◆ TRY IT
Beneath this line is the data. Output exactly the lines from the line with "China Peak, California" to the line with "Grout Sealer,17.6 OZ", both ends included, and nothing more.

◆ Short web captions
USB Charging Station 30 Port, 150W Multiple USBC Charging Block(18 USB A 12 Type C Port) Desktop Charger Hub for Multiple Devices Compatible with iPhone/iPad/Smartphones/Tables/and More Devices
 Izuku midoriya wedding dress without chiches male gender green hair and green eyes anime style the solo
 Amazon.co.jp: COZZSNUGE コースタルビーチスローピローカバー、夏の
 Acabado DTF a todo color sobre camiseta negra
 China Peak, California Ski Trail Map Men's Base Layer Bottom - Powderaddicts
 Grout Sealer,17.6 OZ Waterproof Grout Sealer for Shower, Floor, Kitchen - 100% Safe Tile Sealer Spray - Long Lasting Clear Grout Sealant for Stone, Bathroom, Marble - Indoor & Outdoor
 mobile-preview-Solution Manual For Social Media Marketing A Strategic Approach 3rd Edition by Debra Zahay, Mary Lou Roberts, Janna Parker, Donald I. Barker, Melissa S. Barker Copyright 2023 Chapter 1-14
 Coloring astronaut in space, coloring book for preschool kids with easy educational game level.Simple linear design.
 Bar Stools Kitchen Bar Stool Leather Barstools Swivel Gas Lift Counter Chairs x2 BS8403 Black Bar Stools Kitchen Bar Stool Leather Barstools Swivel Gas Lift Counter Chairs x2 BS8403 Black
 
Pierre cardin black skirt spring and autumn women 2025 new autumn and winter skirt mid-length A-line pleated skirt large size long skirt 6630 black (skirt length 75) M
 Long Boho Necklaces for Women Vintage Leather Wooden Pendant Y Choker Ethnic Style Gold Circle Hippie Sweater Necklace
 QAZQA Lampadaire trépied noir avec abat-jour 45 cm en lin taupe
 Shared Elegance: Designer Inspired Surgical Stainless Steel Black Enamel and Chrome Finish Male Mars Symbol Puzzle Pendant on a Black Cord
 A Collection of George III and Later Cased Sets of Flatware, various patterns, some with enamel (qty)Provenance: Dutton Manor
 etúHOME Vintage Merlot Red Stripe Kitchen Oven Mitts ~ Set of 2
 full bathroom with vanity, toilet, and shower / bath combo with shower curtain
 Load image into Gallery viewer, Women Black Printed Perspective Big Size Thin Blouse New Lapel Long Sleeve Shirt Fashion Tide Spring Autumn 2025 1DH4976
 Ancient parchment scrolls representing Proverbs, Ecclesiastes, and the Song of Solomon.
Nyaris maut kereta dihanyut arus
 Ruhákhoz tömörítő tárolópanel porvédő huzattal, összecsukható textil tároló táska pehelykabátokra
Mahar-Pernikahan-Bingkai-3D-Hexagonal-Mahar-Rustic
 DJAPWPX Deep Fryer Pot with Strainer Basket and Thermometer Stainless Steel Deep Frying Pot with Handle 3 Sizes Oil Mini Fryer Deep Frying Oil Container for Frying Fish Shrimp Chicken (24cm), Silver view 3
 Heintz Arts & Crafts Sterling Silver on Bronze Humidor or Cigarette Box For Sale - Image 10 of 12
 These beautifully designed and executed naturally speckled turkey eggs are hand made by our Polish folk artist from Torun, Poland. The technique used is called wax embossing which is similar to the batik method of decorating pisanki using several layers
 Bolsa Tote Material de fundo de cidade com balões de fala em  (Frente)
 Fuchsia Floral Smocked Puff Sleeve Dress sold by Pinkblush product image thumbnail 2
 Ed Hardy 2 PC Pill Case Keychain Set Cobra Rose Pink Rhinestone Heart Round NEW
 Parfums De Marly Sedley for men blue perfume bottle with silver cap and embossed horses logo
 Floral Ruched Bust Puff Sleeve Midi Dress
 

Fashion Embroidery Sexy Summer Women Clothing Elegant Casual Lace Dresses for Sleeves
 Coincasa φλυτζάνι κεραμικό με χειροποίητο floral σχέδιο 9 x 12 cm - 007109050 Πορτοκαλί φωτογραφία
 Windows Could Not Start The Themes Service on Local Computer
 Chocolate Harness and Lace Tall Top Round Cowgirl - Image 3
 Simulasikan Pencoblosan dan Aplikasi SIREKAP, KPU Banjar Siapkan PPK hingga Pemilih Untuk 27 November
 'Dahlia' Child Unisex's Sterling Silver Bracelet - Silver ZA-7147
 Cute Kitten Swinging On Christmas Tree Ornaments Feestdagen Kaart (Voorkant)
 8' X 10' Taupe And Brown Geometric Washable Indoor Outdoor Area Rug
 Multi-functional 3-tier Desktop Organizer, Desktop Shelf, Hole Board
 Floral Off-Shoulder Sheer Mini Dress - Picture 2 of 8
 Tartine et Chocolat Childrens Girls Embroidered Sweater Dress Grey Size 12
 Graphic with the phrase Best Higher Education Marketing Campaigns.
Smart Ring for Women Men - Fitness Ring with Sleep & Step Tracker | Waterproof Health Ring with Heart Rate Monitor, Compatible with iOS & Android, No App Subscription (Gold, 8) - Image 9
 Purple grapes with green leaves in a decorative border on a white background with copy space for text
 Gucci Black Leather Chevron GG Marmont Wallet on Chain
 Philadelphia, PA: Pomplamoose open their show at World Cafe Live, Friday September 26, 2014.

◆ ANSWER AREA
 China Peak, California Ski Trail Map Men's Base Layer Bottom - Powderaddicts
 Grout Sealer,17.6 OZ Waterproof Grout Sealer for Shower, Floor, Kitchen - 100% Safe Tile Sealer Spray - Long Lasting Clear Grout Sealant for Stone, Bathroom, Marble - Indoor & Outdoor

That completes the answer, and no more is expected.